By December 2020, Sofia had worked her way up to a much bigger role: team lead. Essentially, she developed contact-tracing and case-investigation protocols for, and then oversaw their administration in, four counties in North Carolina (Wilkes, Surrey, Stokes and Davidson). She later added Davie and Yadkin counties to her plate. She trained employees to make calls, use motivational interviewing skills, collect data, provide guidance and connect people with resources. She coordinated schedules, gave lessons on rudimentary epidemiology, and even worked with local school systems to better handle cases in classes or on sports teams.
All at the ripe old age of 24.
Sofia felt overwhelmed at times, since none of the counties was prepared for the onslaught of cases. “They were using communicable-disease nurses, anyone around who could help them, just to handle the astronomical holiday surge that we saw, as well as to keep up with data,” she says.
Sofia was pressed into service quickly and given little prep time. “Usually when you develop a workflow or a process flow, you’ve got time to do it,” she says. “You have people you can consult with. You have lots of people to talk to. That was not a luxury we had in this situation. It was: ‘There are thousands of new cases in North Carolina today. We need to do something ASAP. We don’t have time to sit around and make things pretty.’”
As spring 2021 rolled around, the caseload started to ease up a little. Sofia found herself able to breathe a little easier, and she eventually took a job with a life-sciences consulting firm doing “a little bit of everything: public-health-program evaluation, evidence-generation pipelines, clinical-trial design.”
“The vaccine has changed things,” she says. “It’s been the light at the end of the tunnel.”
But with public health, especially in the age of Covid-19, things can change quickly. As of early September, she’d been contacted by her old company looking for help as the healthcare community struggled to contain the Delta variant of the virus.
Sofia, who once saw herself wearing a white coat with a stethoscope draped around her neck, never thought she’d be affecting people’s health so much from behind a computer screen, but she has loved it.
“My heart is in helping communities and making the biggest difference for the most people,” she says.

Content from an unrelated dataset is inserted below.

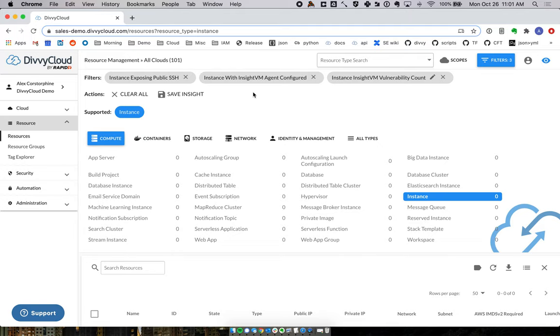Using both DiviCloud and InsightVM together gives you a holistic view of both the cloud and host-level visibility to help secure your overall environment and ensure you have a full understanding of how things are configured. Thanks for your time.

“She was very clinically oriented, and I thought that would be a great fit for her,” Brown says. “You’re just there to listen and offer a lot of support, and at that point in time she needed a little. She turned it around. She retook those courses and did really well. She was like, ‘I didn’t go to med school, because I liked this that much.’”
Sofia was so grateful that, in the spring, she wrote Brown a note updating her on her Covid-related job and giving her much of the credit for redirecting her career path.
“I don’t know how she knew to point me down this way,” Sofia says. “She had that public health book and she said, ‘This is you. This is how I see you.’ And she was right. I don’t know how she knew that.
“That’s one of the great things about advisors: Sometimes they can see you from a completely different perspective than you can hope to. Dr. Brown is really wonderful.”